> _What you will do_
In full and without alteration, copy the listing.

> _Dataset excerpt_
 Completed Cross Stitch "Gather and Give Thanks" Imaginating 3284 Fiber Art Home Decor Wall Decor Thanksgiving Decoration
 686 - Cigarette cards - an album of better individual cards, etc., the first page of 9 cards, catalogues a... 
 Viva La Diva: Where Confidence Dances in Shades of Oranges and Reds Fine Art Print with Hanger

> _Task result_
 Completed Cross Stitch "Gather and Give Thanks" Imaginating 3284 Fiber Art Home Decor Wall Decor Thanksgiving Decoration
 686 - Cigarette cards - an album of better individual cards, etc., the first page of 9 cards, catalogues a... 
 Viva La Diva: Where Confidence Dances in Shades of Oranges and Reds Fine Art Print with Hanger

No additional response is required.